[Marxism] The criticism of religion[was:RE:Vnzla:reasonstobeoptimistic]

Marvin Gandall marvgandall at videotron.ca
Mon Aug 27 19:17:38 MDT 2007


Louis wrote:

> ...I consider the CPUSA and CofC to be left
> parties even though they are deeply embedded in the DP. The question for
> me, however, is the class character of the DP and its strategic value
> for socialists. On these questions, I say it is a ruling class party and
> quicksand for radicals.
=====================================
You could say the same of all liberal and conservative parties which
alternate as governments in bourgeois democracies. They are all "co-ruling
parties". At one time, there were mass socialist parties (outside the US)
which were at least nominally committed to public ownership of the
"commanding heights", but this has long ceased to be their objective and an
important source of conflict between the major parties.

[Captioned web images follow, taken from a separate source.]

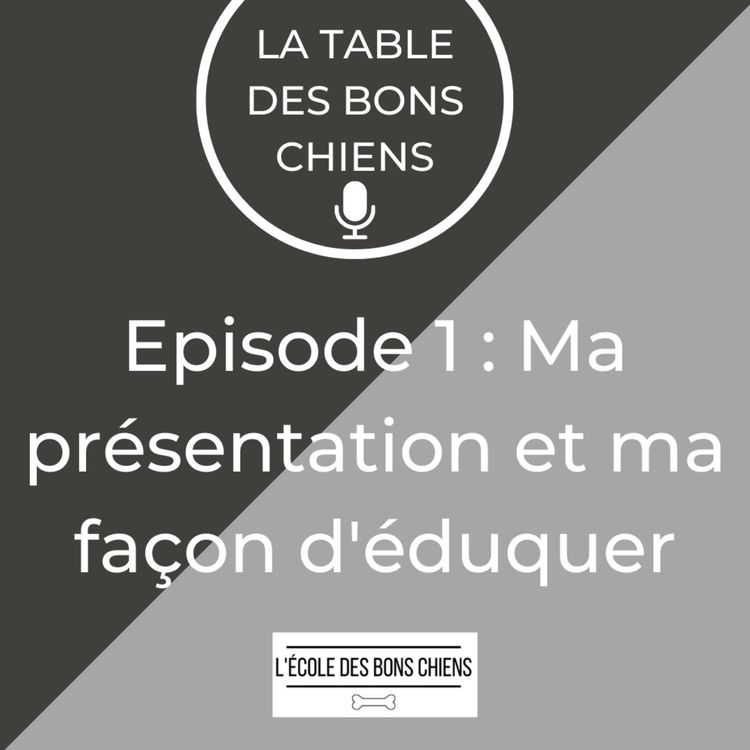 cover art for #1 Ma présentation et ma façon d'éduquer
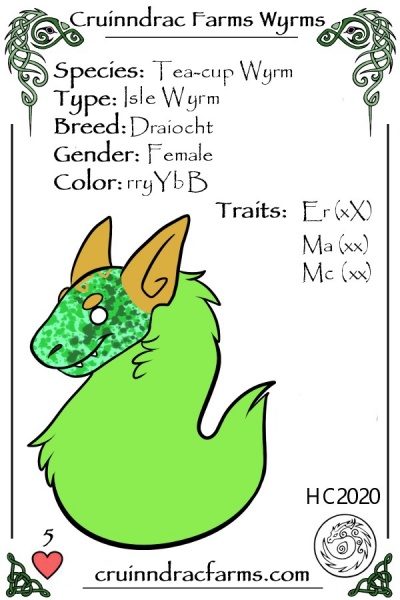 File:Wicklow card.jpg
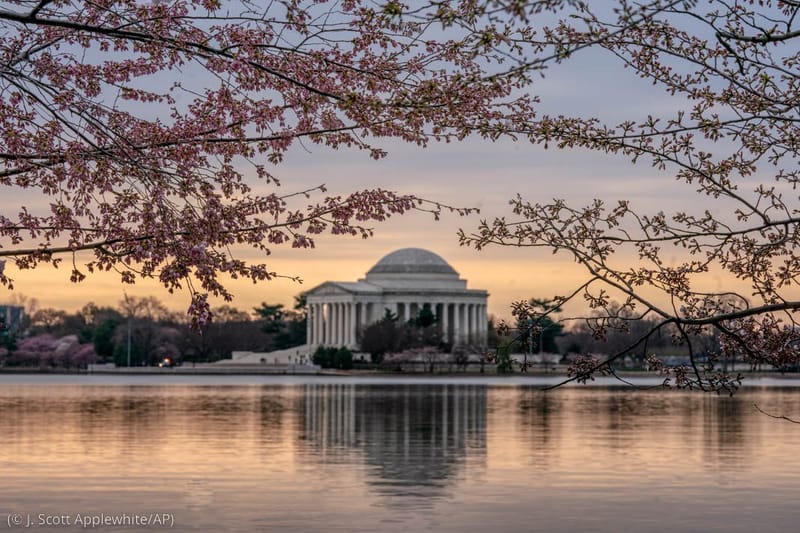 What is the best time to see the cherry blossoms in DC?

The way US leftists view the DP and how not a few leftists abroad today view
the parties in their own countries which are supported by the unions and
social movements coincide. The same anger of the far and not-so-far US left
at the DP is often expressed with equal intensity by foreign leftists
towards the modern mass liberal/social democatic parties in Europe, Britain
and elsewhere. There are the same divisions both within and outside of the
British Labour Party, the French Socialists, German SPD, etc. and within the
newer social democratic parties with more recent militant traditions such as
the Brazilian Workers Party, South African ANC, and the Irish Sinn Fein.

The Democratic party is not unique in terms of its leadership, social base,
or domestic program in relation to these other parties. What makes it more
centrally important than its left-of-centre counterparts abroad is its
location in the heartland of imperialism and consequent co-responsibity for
the administration of US foreign policy. The labour and social democratic
parties on the continent and elsewhere, including in Canada, look benign by
comparison to the Democrats only because they no longer have or never had
any empires to administer or collude with. The sd parties in the
semi-colonial countries necessarily have a more progressive character
because they have national interests to defend against imperialism and more
urgent domestic social pressures which need to be addressed.

Circumstances set them apart, but there is fundamentally little ideological
difference between the US Democrats and the left of centre parties abroad.
The class backgrounds and political attitudes at the top and the base of the
DP and these other parties are very similar, and there is a felt kinship at
all levels between them.

It seems to me that if your advice to US radicals is to shy away from the DP
on grounds that it is a "quicksand", the same reasoning could apply to
radicals abroad who work in and around the LP, SP, SPD and other kindred
parties in the advanced capitalist countries and who frequently call for
electoral support for them against the conservative parties to their right.
The same can also be said of the relation of the far left to the WP, ANC,
and SF, except insofar as they are locked in confrontations with
imperialism, but this qualification also justifies support to conservative
parties in these countries when they collide with the US and its allies, as
in Iran. Insofar as support is extended to the leftish parties as a tactical
matter, on the basis of their social base and program, the same logic could
be used - and is used by the CPUSA and other Communist parties - to justify
a similar orientation to the DP on these grounds. I will say, though, that
you're equally consistent from the opposite end - perhaps more consistent
than others on the list - in your approach to these parties.